With just 10 days left to the 30 December deadline offered by PM Narendra Modi to put an end to the demonetisation pain of common man, PM Modi’s first big test is to keep his 50-days promise. So far, there are no signs of that happening. Queues at ATMs and bank branches have shortened for sure but that is more because of the fact that there is not enough cash in lower denominations available, rather than a sign of a normalisation. Also, due to the tough restrictions the government/RBI has imposed on withdrawals and deposits. The Rs 5,000 rule adds to the confusions. The government mint’s capacity to print enough lower denomination notes so soon is doubtful as this IndiaSpend analysis points out.
The PM’s second test will be to resolve the cash-crunch at the earliest. Even his political rivals would be praying for the current mess to end fast, since the cash-crunch has impacted majority of Indians in some or other way. The economic impact, some of which are already visible, will be profound if the cash-crunch lasts longer. An economic crisis can negate any promise. Finally, Modi’s third test will be to show the stated tangible results of the demonetisation exercise—elimination of black money, corruption and terror funding. Change to a cashless economy is a far-fetched idea for India, so one can forget discussing it at this point.

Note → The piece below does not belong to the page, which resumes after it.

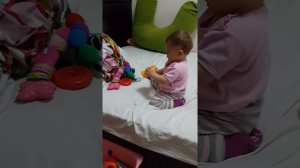 Малышка 10 месяцев,  кладет игрушки в коробочку.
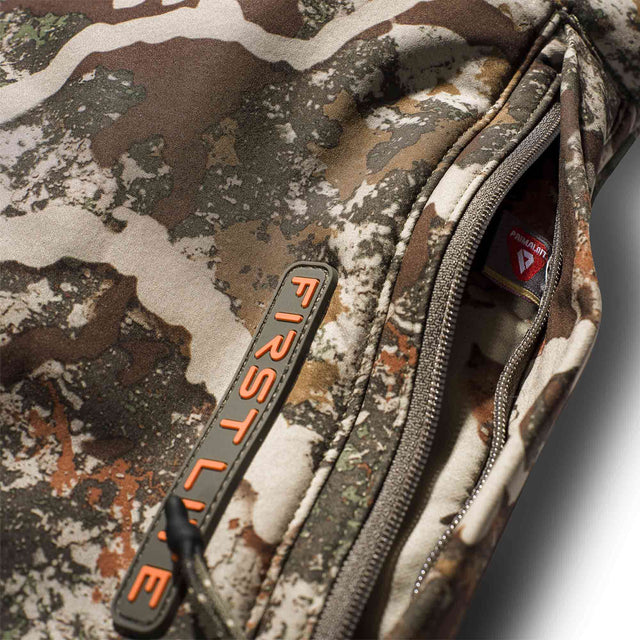 Camouflage jacket with a visible brand logo on a neutral background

A cost benefit analysis of this entire demonetisation exercise will be done sooner or later and the pain of demonetisation will be weighed against the supposed gains. There aren’t any leaders as Modi who has risked his entire political capital to push an economic reform agenda in this fashion, either willingly or without understanding it fully. Either Modi will emerge as a hero of demonetisation or the currency ban will go down in history as his Waterloo. Modi’s first big test is to keep his 50-day promise.